Le DMA prévoit dans le texte de la Commission des amendes jusqu’à 10 % du chiffre d’affaires de l’exercice précédent. Ces sanctions pourraient être décidées rapidement pour protéger les innovateurs selon le commissaire français.
Se pose cependant la question des seuils minimaux des sanctions. Au Parlement européen, on demande qu’ils représentent 4 % du chiffre d’affaires mondial.
5. Quelle est la différence avec la directive sur les services numériques (DSA) ?
Le projet de règlement sur les services numériques (Digital Services Act, DSA) vise à obliger les mastodontes comme Google, Facebook et Amazon à s’attaquer aux contenus illicites en ligne (incitation à la haine, désinformation…) et à contrôler les biens vendus sur leurs plateformes (contrefaçons, produits dangereux…). La communication décentralisée des plates-formes de médias sociaux a donné lieu à une avalanche de désinformations et de discours haineux qui constituent un danger pour la démocratie, estime Nicolas Köhler-Suzuki.
Les eurodéputés de la commission Marché intérieur (IMCO) ont approuvé mardi 14 décembre, à une écrasante majorité, leur version de cette législation historique présentée en décembre 2020 par l’exécutif européen pour limiter les dérives des géants de la tech.
Toutes les entreprises n’auraient pas les mêmes obligations. Plus la plateforme est grande, plus la responsabilité est grande.

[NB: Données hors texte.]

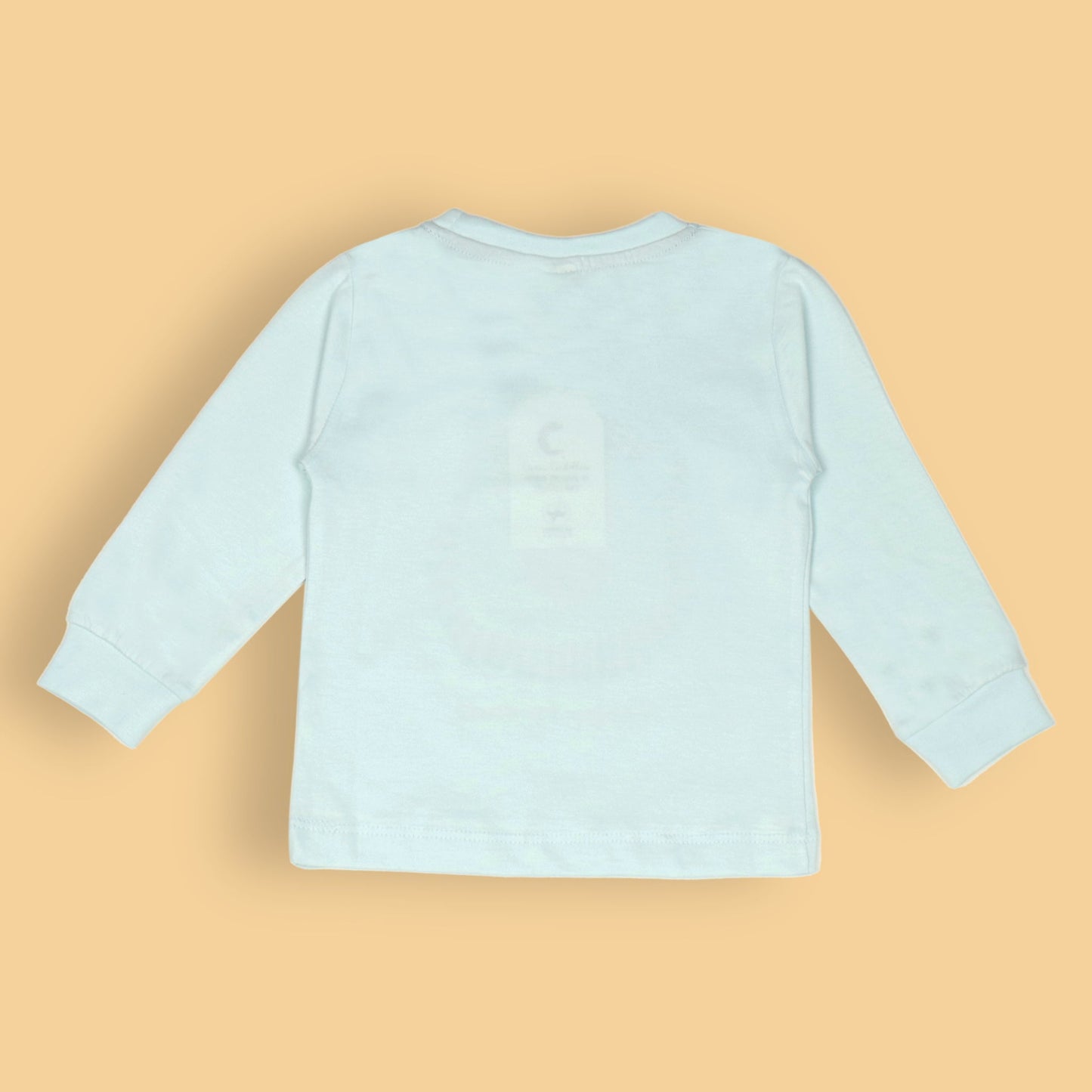 Happy Friends Set by Cucumber – Turquoise Full Sleeve Tee & Teal Blue Jogger Pants, Soft Cotton Comfort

La DMA, quant à elle, tente de garantir que les grandes plateformes en ligne offrent des conditions de concurrence équitables aux entreprises qui les utilisent pour vendre leurs biens et services en ligne.
6. Quelle est la différence avec les amendes décidées par la Commission européenne ?
Jusqu’à présent, la Commission a surtout utilisé une méthodologie a posteriori pour déterminer si les entreprises enfreignaient les règles de concurrence européennes. La loi sur les marchés numériques établirait un cadre de concurrence clair pour l’économie numérique et permettrait également aux autorités de la concurrence d’agir beaucoup plus rapidement que par le passé.
La France, qui assure pour six mois la présidence tournante du Conseil de l’Union européenne à partir de janvier, espère réussir à finaliser avant l’été ces deux lois dont elle a fait une priorité. L’objectif est d’assurer leur entrée en vigueur au 1er janvier 2023.